* [Brief]:
An exact copy is the goal: every line from the one containing "My fifth and" to the end of the material below, pictures excluded.

* [Given data]:
++++++++++++++++++++
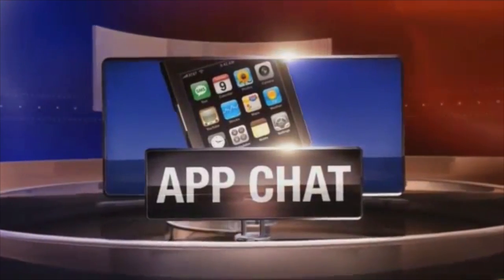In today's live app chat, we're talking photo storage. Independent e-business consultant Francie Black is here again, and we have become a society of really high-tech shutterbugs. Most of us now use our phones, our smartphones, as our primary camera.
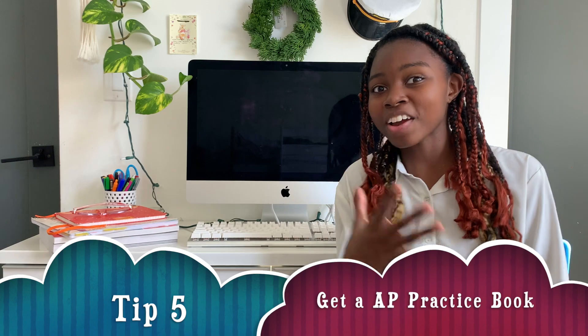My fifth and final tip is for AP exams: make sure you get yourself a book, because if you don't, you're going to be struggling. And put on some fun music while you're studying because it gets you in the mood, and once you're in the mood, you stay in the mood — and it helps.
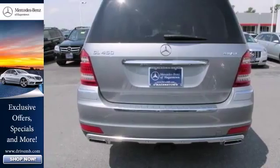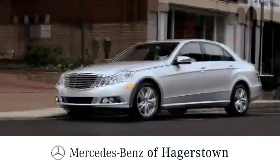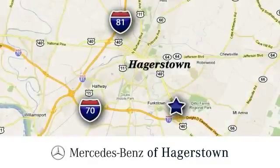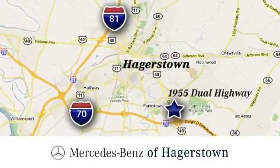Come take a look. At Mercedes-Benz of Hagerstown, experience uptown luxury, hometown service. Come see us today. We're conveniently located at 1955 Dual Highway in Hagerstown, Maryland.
++++++++++++++++++++
* [Finished exercise]:
My fifth and final tip is for AP exams: make sure you get yourself a book, because if you don't, you're going to be struggling. And put on some fun music while you're studying because it gets you in the mood, and once you're in the mood, you stay in the mood — and it helps.
Come take a look. At Mercedes-Benz of Hagerstown, experience uptown luxury, hometown service. Come see us today. We're conveniently located at 1955 Dual Highway in Hagerstown, Maryland.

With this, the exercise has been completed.